Funnelback Ranking Algorithms
More effective search delivers considerable value to searchers, by finding information and services which would otherwise remain hidden or by saving time. An ideal search engine would find all useful information and services within the domain being searched, return them to the searcher in order of decreasing value to the searcher (taking into account overlap with what has already been presented earlier in the list) and present each result in a way which facilitates assessment of its value.
This document describes how out-of-the-box Funnelback ranks documents, explains how to modify settings to meet particular needs and links to documentation on monitoring and measuring effectiveness of search at your site.
Funnelback, like other leading search engines, is based on statistical algorithms and "understands" neither the query nor the content of documents. Accordingly, evaluation of the quality of search should be based on a large number (50+) of queries.
If you are not yet familiar with Funnelback's query language, please refer to the user help pages on the query language.
Funnelback assigns each document a utility score derived from the factors listed below and records how many of the constraints implicit in the query (in simple queries, each query word counts as a constraint) it satisfied. Results are then sorted into 'tiers' by decreasing number of constraints matched. Results within these 'tiers' are by default listed in decreasing order by score but may be modified to be ranked on numerous other bases (e.g. alphabetical order, date, etc...)
The particular relevance formula used is a slightly modified form of the Okapi BM25 function developed by Steve Robertson and Steve Walker of City University, London. BM25 embodies the following heuristics:
- The more occurrences of a query word in a document the better.
- Shorter documents are preferred to long ones.
- Query words which occur in fewer documents (lower document frequency) are more discriminating and receive higher weight.
By default, document content includes text plus title and subject, keywords or description metadata. In document content scoring, each word occurrence counts equally, whether in the body of the document or in the title or in metadata, and the document frequency is a count of all documents which contain at least one occurrence in any of these places.
The Okapi BM25 formula is also used for scoring metadata. Metadata explicitly comes into play when a query term includes a metadata field specification but also implicitly when a simple query term is processed. For example, if the query were library, a document content score would be calculated as described in the previous item, but it would be augmented by the scores for occurrences of the query word in the title of the document (i.e. it would be as if the query term t:library was added to the query). Note that this process may result in substantial score boosts to documents containing library in their title due to lower document frequency. (i.e. there may be thousands of documents containing library but probably only a few contain the word in their title) It is possible to configure Funnelback to specify a different set of implicit metadata fields (see below.) The implicit metadata terms included in each query by default are:
- Title metadata (metadata class t): Words that occur in the 'title' section of each document
- Incoming anchor text (metadata class k): Funnelback collects together all the anchor text (the words you click on in your browser in order to follow a link) and associates them with the target document as k: metadata. In a web site, anchor text can provide a very strong signal that a certain page is the best answer to a particular query. For example, thousands of pages may contain the word library but probably only a very small percentage contain the word in their k: metadata. Of the pages which do, the k: metadata for the main library home page may contain hundreds more occurrences than any other page. Anchor text scoring uses a different function which removes the length heuristic and increases the weight given to documents with very large numbers of occurrences of query words in the incoming anchor text.

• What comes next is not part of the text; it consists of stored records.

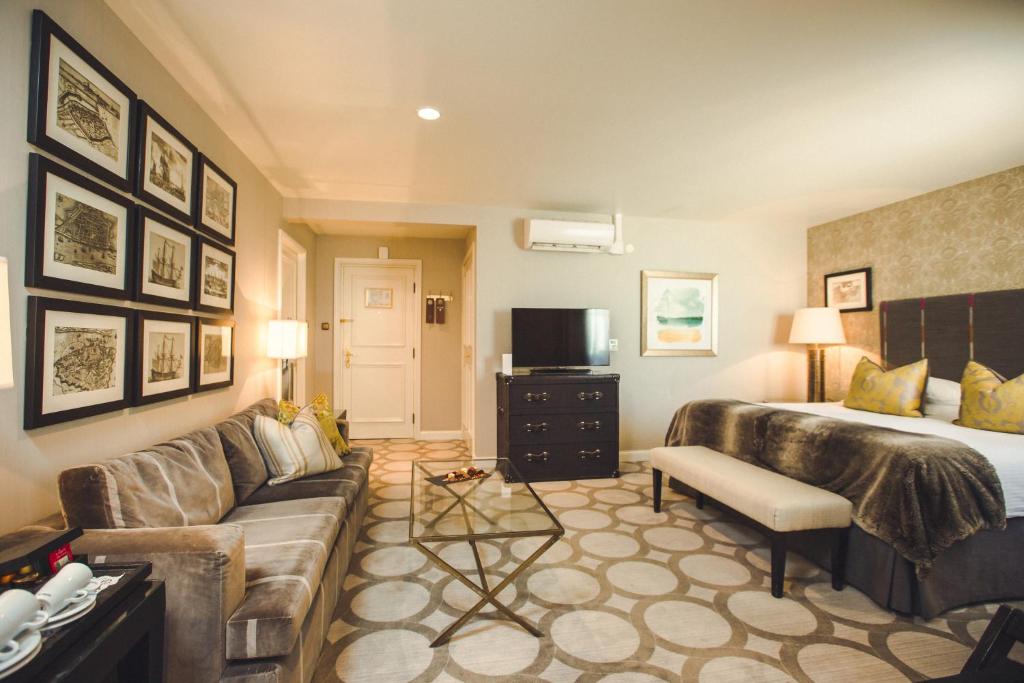 Grand Palace Hotel view 4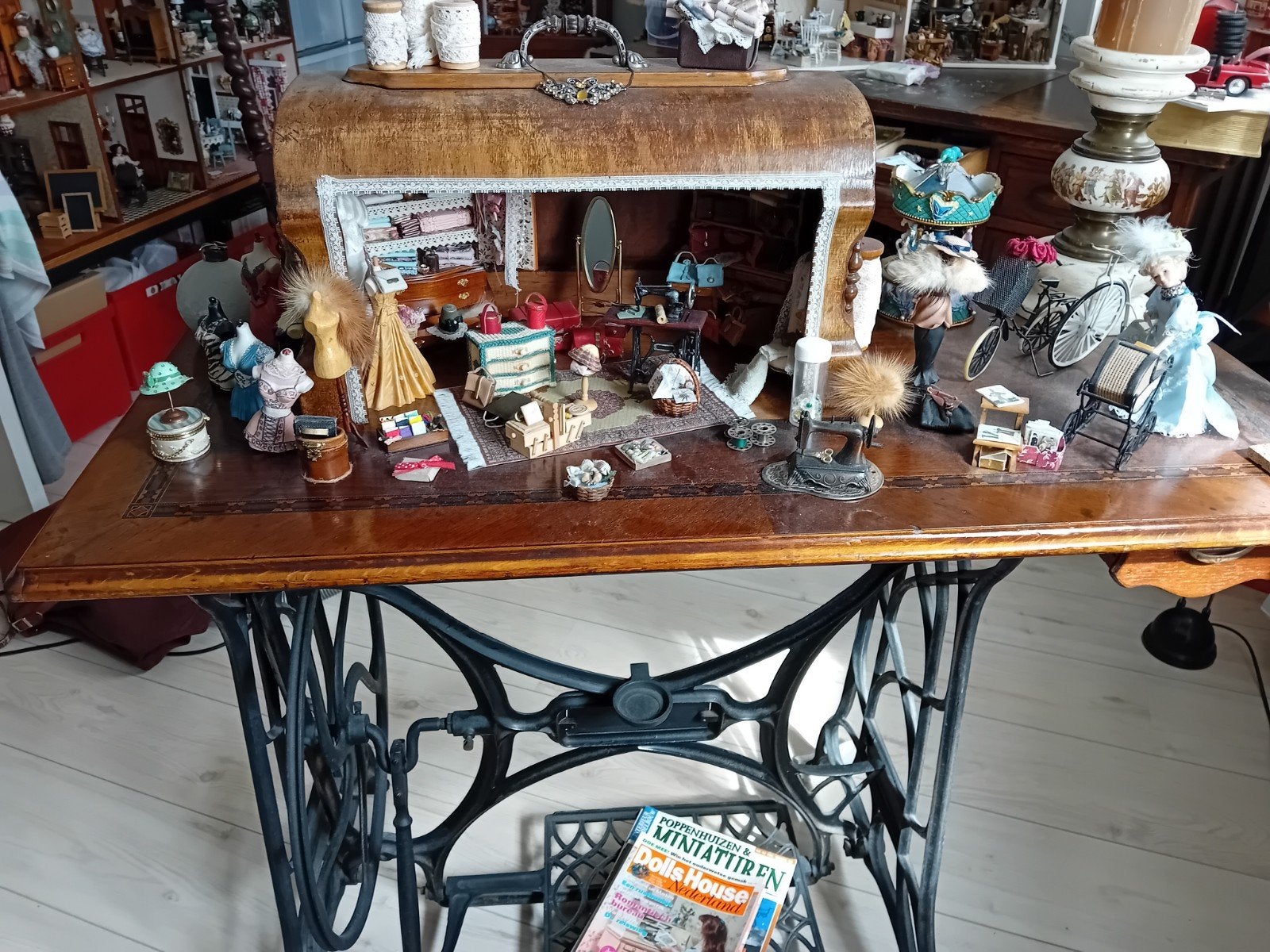 Unieke miniaturen in antieke naaimachinekap, Antiek en Kunst, Ophalen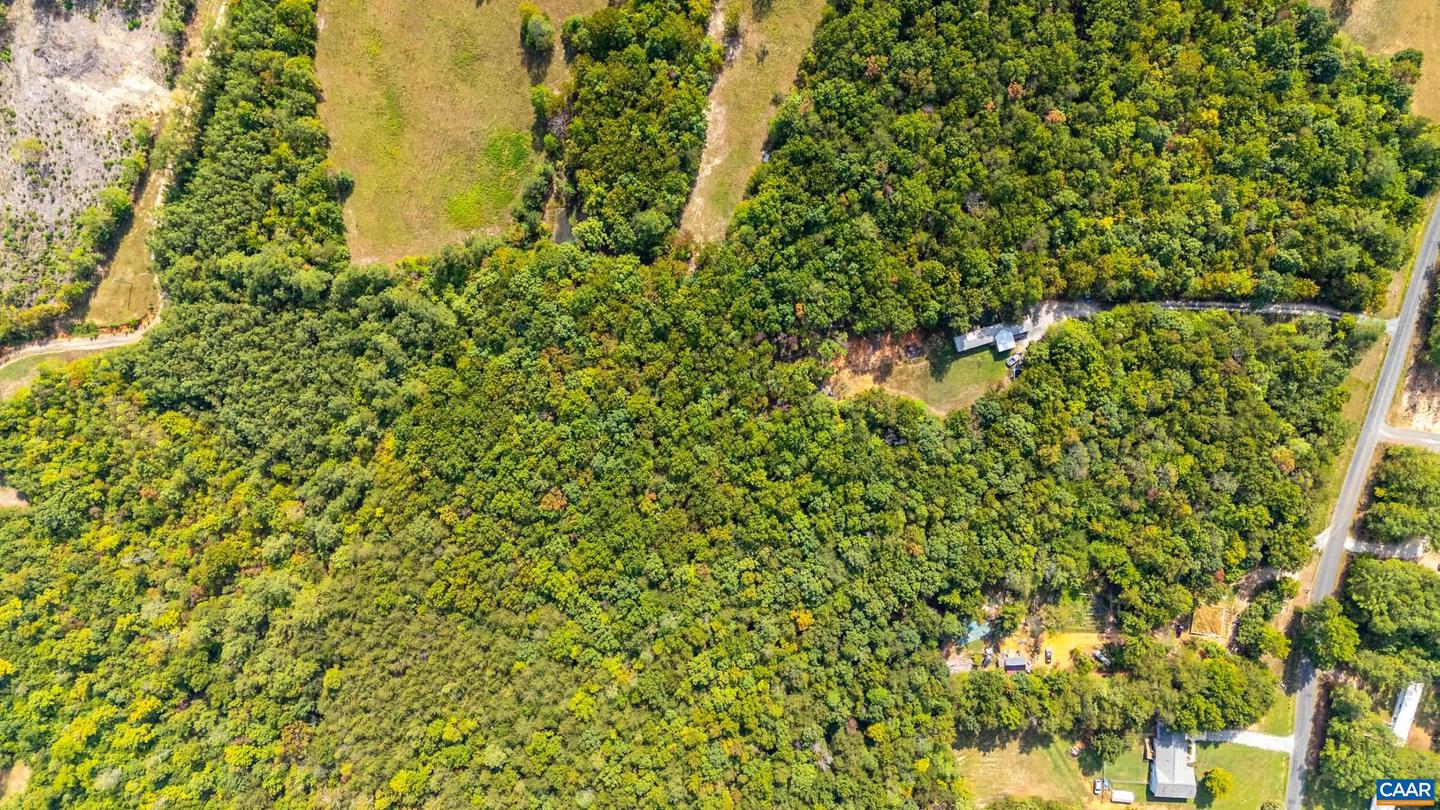 386 CUB CREEK RD, APPOMATTOX, Virginia 24522, 3 Bedrooms Bedrooms, ,2 BathroomsBathrooms,Residential,For sale,386 CUB CREEK RD,670386 MLS # 670386 386 CUB CREEK RD, APPOMATTOX, Virginia 24522, 3 Bedrooms Bedrooms, ,2 BathroomsBathrooms,Residential,For sale,386 CUB CREEK RD,670386 MLS # 670386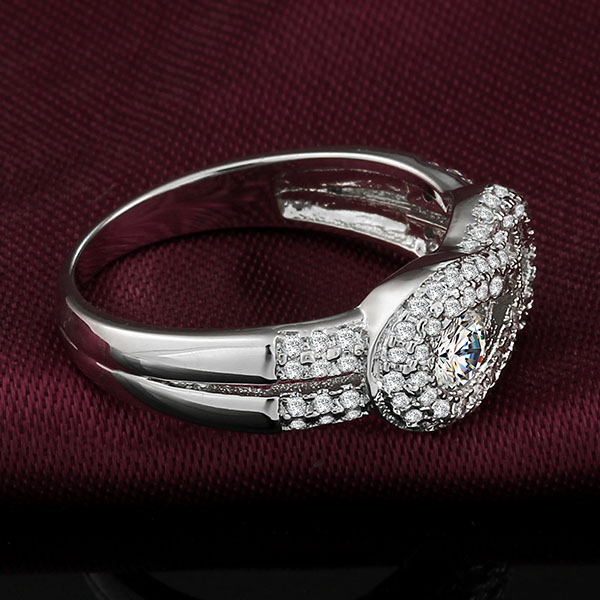Platinumpläterad skönhet med flertal läckra cubic zirconia stenar - 4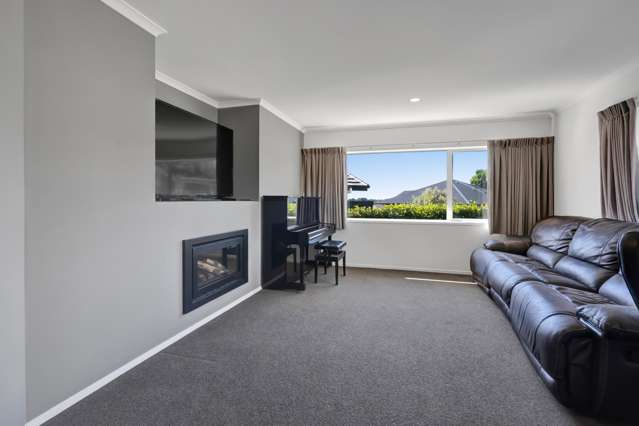 12 Oakmont Crescent Waiwhakaiho_3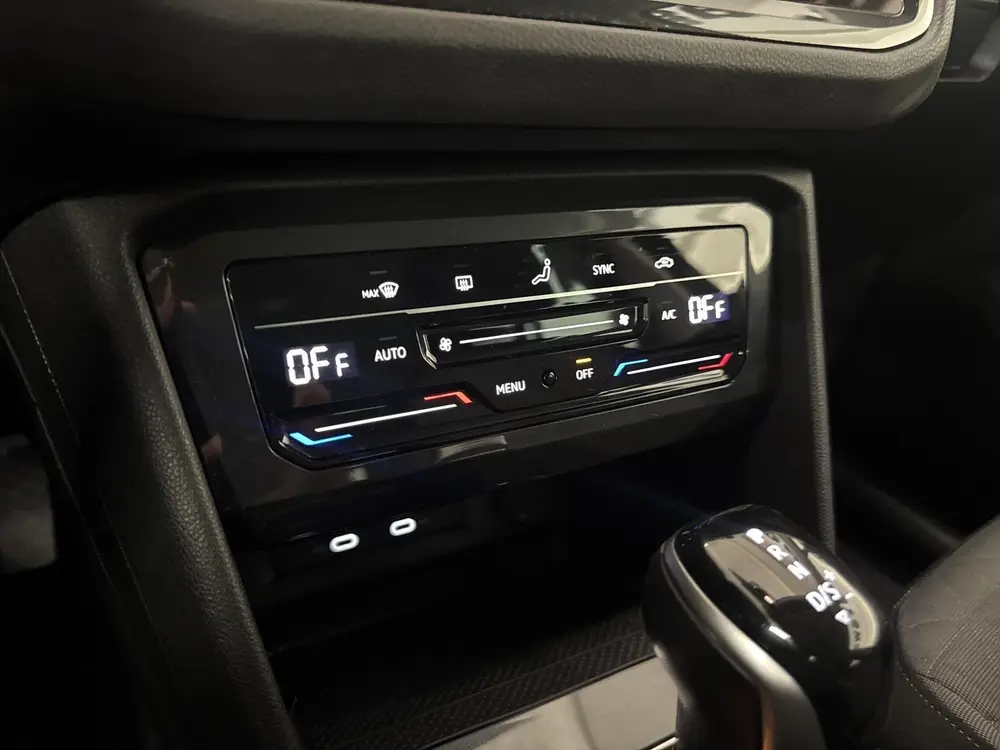 Volkswagen Tiguan 1.5 TSI Life Business uit 2021, foto 17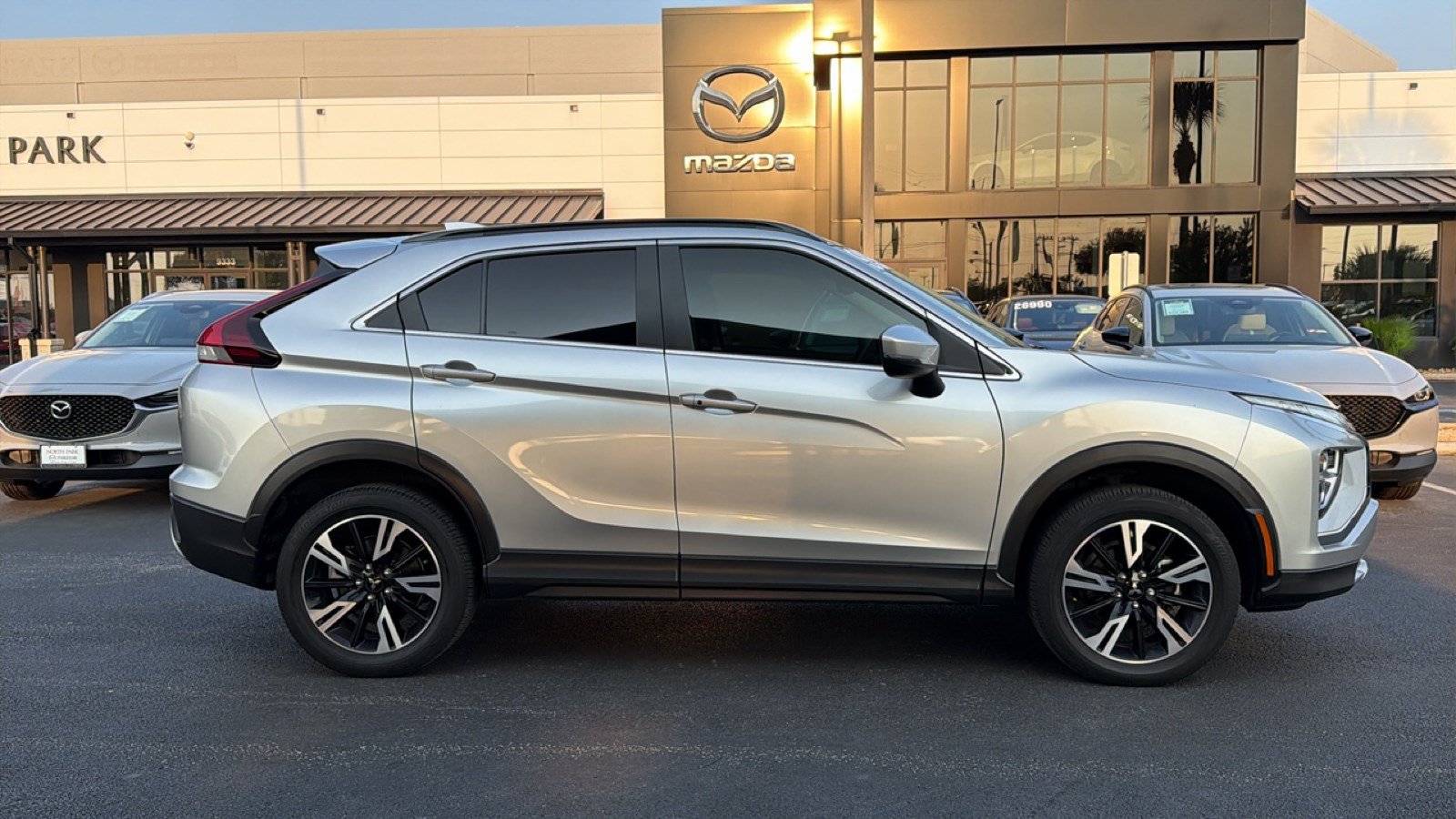 Used 2023 Mitsubishi Eclipse Cross SE AWD/4WD image 3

- Click data (metadata class K): Funnelback can be set up to take into account the number of times users have clicked on a particular resource when using Funnelback search. Every click counts as an occurrence of the search terms used in the k: metadata class. Using click data can improve search results by leveraging the users ability to discern what are and aren't important results. This means that results that are clicked on more will be boosted in the rankings.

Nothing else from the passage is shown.